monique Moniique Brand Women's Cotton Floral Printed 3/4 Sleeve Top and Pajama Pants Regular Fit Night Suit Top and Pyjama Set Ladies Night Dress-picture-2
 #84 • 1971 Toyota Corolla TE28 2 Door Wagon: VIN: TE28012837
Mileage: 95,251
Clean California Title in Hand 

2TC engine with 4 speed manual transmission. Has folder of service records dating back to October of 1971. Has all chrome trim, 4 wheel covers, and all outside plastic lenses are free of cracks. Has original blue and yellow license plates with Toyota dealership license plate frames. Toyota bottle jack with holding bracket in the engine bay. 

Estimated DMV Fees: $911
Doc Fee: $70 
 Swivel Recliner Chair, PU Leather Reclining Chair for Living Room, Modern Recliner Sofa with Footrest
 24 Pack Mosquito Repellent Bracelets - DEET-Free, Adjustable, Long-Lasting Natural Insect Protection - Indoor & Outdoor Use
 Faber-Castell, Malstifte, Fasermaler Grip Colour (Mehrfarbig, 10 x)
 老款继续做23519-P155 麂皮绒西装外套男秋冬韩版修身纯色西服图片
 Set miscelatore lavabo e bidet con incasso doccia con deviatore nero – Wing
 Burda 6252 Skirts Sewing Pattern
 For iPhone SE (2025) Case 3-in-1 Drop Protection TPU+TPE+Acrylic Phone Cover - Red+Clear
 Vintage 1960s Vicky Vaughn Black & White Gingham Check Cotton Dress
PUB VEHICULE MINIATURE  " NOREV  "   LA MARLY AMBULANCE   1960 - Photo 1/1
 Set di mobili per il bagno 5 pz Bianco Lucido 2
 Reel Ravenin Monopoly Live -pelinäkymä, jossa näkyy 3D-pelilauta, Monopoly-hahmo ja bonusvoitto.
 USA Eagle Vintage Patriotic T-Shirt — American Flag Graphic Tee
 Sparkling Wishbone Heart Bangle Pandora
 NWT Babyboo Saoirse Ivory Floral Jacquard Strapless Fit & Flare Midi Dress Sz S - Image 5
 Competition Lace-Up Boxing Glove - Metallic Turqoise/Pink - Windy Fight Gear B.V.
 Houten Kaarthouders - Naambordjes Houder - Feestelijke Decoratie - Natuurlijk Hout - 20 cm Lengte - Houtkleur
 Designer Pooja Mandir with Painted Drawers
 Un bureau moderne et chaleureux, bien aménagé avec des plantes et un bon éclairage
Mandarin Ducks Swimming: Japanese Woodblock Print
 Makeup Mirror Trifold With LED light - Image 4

**Work instructions:** Repeat the lines from the one containing "NWT Babyboo Saoirse" through the end of the listing, exactly and without any other lines; both ends are included.

**Response:**
 NWT Babyboo Saoirse Ivory Floral Jacquard Strapless Fit & Flare Midi Dress Sz S - Image 5
 Competition Lace-Up Boxing Glove - Metallic Turqoise/Pink - Windy Fight Gear B.V.
 Houten Kaarthouders - Naambordjes Houder - Feestelijke Decoratie - Natuurlijk Hout - 20 cm Lengte - Houtkleur
 Designer Pooja Mandir with Painted Drawers
 Un bureau moderne et chaleureux, bien aménagé avec des plantes et un bon éclairage
Mandarin Ducks Swimming: Japanese Woodblock Print
 Makeup Mirror Trifold With LED light - Image 4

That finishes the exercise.